ACTION ITEM
Nothing but the lines below from the one that contains "Innovations Cobbleskill 36in" through the one that contains "SHA CERLIN 14" should be retyped, exactly and including both ends. Do not include pictures.

RECORDS PROVIDED
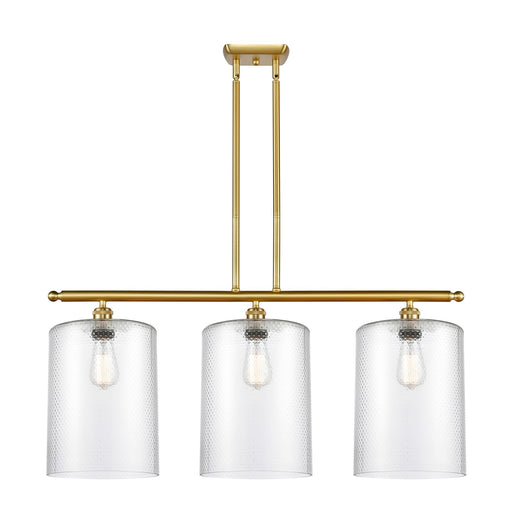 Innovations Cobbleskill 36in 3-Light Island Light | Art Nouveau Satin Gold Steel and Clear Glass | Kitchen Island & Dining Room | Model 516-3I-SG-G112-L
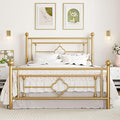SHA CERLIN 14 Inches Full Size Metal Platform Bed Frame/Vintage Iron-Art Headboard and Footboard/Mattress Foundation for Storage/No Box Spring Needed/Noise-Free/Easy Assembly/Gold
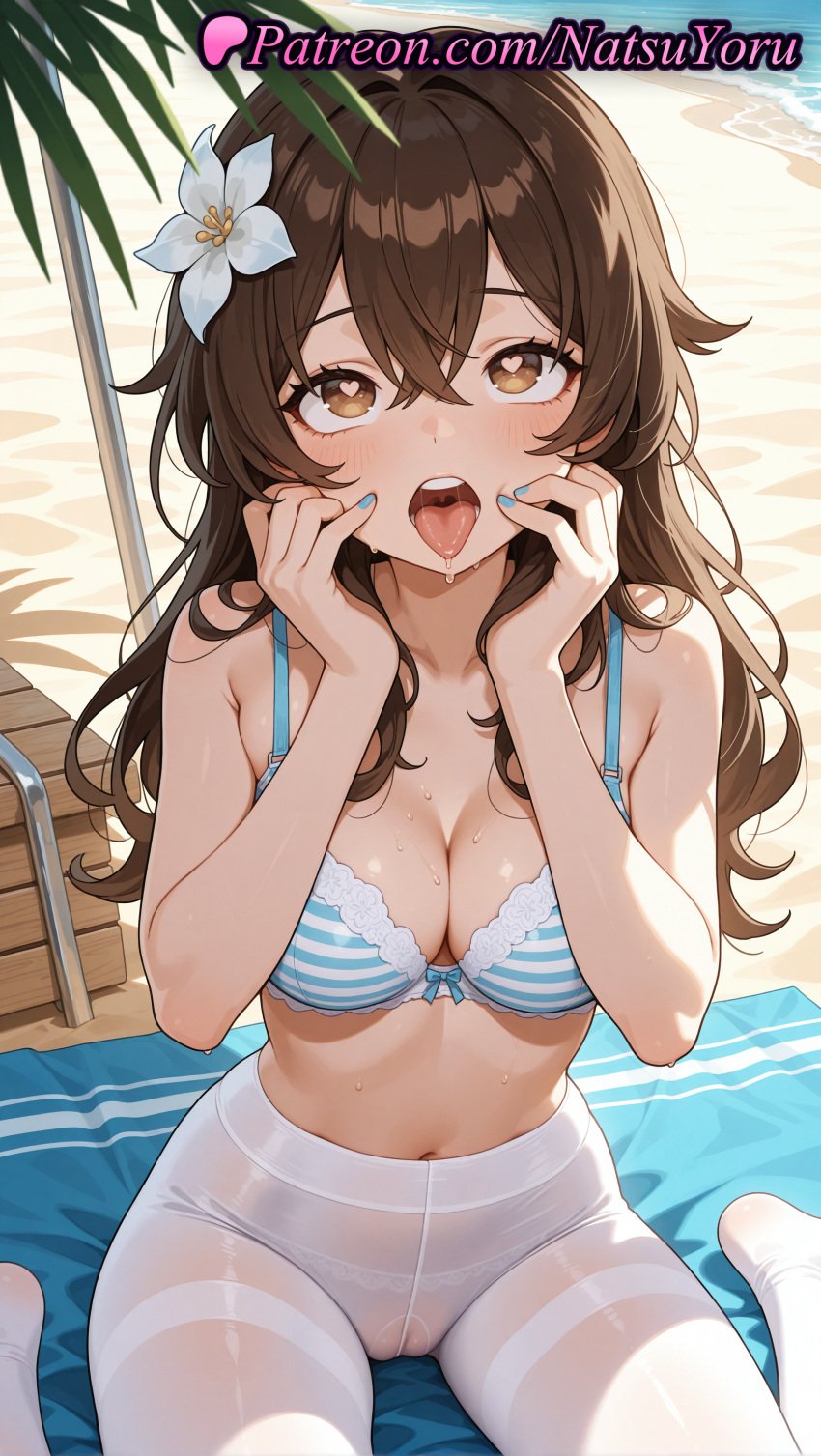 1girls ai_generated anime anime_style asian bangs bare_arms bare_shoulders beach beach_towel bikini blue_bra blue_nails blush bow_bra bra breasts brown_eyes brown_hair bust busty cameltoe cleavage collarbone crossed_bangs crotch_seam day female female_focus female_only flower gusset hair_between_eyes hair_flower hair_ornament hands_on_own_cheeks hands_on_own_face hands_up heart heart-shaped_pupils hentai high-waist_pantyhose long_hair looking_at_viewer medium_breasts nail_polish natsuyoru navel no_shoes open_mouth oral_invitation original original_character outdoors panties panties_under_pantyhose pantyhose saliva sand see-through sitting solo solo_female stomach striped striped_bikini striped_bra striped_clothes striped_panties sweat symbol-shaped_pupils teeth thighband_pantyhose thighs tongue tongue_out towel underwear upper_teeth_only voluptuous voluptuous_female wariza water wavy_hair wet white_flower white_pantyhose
---
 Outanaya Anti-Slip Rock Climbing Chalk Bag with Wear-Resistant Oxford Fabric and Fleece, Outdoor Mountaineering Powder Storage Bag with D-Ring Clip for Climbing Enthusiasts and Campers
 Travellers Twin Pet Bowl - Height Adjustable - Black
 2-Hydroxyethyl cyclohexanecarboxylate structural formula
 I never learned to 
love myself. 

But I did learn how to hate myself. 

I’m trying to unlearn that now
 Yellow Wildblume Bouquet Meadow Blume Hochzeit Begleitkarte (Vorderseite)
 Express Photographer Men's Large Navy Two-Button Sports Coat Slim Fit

ANSWER BOX
 Innovations Cobbleskill 36in 3-Light Island Light | Art Nouveau Satin Gold Steel and Clear Glass | Kitchen Island & Dining Room | Model 516-3I-SG-G112-L
SHA CERLIN 14 Inches Full Size Metal Platform Bed Frame/Vintage Iron-Art Headboard and Footboard/Mattress Foundation for Storage/No Box Spring Needed/Noise-Free/Easy Assembly/Gold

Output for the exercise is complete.